Les belles lois sur la libération conditionnelle, le sursis à l’exécution des peines, les magnifiques œuvres de sauvetage de l’enfance, de patronage des adultes libérés ont essayé, dans une assez large mesure, d’atténuer cette contradiction aussi dangereuse qu’inhumaine.

Mais ce n’est pas encore assez. Il faut prendre le mal de plus haut. Logiquement c’est par l’école et la réorganisation sociale qu’il faudrait commencer. Pratiquement, comme il est impossible de répandre partout et également les lumières, comme il est encore plus impossible de réaliser une organisation sociale d’où le vol et le crime seraient absents, il faut prendre les choses à partir de la prison et commencer dès ce moment à appliquer un remède.
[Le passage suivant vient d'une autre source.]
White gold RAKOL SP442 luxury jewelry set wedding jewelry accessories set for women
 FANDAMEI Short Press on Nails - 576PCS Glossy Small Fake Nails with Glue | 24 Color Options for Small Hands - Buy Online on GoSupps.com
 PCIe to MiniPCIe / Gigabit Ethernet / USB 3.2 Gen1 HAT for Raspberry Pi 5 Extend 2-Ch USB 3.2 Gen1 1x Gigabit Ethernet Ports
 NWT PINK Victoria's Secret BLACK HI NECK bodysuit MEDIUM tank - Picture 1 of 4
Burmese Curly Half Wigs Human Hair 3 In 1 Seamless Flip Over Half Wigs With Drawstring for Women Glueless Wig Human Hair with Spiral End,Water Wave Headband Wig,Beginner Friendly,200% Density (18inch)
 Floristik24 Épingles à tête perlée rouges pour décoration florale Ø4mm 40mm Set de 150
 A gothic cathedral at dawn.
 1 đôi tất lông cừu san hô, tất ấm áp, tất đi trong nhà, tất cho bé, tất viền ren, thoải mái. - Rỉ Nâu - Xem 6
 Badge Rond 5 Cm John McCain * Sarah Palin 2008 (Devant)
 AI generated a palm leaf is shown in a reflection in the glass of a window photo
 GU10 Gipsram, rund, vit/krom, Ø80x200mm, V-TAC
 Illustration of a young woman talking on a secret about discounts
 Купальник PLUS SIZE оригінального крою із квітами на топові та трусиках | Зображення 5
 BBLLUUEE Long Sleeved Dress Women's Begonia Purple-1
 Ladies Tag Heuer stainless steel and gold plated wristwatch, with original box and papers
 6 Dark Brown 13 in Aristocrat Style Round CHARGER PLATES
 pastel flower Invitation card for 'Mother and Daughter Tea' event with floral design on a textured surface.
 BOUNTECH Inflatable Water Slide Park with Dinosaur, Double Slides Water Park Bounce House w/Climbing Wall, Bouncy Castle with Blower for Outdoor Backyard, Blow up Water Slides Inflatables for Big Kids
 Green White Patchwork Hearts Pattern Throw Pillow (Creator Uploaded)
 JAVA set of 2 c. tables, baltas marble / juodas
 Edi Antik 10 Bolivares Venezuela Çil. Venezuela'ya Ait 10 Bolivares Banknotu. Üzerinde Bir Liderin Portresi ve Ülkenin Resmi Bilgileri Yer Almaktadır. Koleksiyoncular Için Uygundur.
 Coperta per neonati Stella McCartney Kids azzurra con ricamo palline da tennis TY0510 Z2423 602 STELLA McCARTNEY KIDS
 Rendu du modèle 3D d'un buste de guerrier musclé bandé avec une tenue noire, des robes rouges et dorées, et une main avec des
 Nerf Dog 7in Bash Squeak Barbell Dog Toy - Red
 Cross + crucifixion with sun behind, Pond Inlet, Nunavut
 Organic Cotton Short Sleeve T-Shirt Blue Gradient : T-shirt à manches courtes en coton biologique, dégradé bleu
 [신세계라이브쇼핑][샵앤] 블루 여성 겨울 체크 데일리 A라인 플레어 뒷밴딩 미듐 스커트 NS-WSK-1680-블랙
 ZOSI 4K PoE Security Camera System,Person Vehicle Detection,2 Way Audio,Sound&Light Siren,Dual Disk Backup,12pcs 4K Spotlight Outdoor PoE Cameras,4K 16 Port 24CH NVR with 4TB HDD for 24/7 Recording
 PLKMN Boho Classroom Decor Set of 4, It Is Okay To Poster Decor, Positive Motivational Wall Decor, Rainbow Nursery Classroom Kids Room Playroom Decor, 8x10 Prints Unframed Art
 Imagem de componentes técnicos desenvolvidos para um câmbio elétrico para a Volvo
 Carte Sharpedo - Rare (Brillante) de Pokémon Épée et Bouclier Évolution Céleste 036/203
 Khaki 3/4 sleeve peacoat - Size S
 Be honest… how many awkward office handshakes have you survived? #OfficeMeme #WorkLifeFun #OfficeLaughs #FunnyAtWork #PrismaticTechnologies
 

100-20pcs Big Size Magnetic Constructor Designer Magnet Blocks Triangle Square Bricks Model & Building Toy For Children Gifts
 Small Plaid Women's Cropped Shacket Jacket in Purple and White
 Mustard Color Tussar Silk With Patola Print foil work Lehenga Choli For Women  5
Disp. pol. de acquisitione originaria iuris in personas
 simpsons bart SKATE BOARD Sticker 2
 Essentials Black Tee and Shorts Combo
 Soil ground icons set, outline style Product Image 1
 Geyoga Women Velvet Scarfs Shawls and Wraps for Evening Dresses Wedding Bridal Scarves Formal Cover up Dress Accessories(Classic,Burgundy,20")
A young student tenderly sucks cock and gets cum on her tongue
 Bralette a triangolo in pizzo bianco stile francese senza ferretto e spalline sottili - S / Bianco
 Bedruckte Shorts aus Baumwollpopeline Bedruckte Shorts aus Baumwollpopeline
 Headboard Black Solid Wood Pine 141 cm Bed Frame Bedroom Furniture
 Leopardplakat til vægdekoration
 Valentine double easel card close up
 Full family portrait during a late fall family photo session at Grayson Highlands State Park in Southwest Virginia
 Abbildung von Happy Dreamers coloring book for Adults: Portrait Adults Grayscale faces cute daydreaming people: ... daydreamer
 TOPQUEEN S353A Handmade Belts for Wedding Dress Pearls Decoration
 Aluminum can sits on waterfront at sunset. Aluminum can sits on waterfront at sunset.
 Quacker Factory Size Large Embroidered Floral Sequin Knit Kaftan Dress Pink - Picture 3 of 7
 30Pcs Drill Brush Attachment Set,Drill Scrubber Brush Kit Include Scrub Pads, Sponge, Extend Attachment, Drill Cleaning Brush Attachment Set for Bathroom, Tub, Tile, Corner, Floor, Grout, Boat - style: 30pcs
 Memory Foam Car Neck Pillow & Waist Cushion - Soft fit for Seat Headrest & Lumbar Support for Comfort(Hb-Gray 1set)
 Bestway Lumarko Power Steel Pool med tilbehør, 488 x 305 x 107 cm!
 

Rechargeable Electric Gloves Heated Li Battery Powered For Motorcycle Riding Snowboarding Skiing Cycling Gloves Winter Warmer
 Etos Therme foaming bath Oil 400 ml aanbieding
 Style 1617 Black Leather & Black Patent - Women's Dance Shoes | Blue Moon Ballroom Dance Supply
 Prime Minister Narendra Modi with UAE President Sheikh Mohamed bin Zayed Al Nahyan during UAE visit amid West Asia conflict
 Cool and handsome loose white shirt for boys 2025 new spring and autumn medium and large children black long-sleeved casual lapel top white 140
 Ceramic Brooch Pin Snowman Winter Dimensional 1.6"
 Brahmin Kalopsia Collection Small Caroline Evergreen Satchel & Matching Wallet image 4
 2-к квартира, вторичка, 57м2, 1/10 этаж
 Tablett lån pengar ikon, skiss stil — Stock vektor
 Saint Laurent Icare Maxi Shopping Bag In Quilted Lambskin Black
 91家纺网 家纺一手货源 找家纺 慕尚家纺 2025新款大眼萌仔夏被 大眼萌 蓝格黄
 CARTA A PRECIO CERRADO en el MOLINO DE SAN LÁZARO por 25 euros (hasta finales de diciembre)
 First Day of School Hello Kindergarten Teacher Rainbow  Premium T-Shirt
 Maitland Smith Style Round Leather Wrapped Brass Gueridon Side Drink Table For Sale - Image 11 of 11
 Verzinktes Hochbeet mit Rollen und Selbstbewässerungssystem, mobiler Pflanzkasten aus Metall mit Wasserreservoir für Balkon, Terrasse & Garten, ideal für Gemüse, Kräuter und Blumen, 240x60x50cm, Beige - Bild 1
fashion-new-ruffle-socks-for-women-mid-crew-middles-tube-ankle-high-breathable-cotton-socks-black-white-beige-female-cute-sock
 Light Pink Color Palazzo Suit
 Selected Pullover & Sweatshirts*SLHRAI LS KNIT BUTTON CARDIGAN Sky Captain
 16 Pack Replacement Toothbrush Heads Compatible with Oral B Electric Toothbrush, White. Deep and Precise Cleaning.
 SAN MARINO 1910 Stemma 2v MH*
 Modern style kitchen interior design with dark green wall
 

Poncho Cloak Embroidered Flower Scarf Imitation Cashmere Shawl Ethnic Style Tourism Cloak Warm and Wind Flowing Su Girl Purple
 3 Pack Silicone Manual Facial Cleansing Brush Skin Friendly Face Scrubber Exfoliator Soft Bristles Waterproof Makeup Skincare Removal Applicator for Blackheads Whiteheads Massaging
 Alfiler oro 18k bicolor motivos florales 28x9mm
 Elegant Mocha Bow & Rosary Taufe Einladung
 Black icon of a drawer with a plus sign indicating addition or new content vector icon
Quel remède ? le mal, répétons-le, consiste dans la mise en circulation d’unités déclassées. Le remède doit consister à ne les libérer qu’après les avoir mises en mesure de se reclasser ou d’être reclassées. Or, plus haut, nous avons vu que l’école était un classement social. [ci nous avons des unités sociales, actuellement emprisonnées, c’est-à-dire déclassées et qui vont être jetées dans le torrent de la circulation sociale. Le remède ne peut donc être que dans l’école, l’école dans la prison, c’est-à-dire une tentative de reclassement social avant la sortie de prison.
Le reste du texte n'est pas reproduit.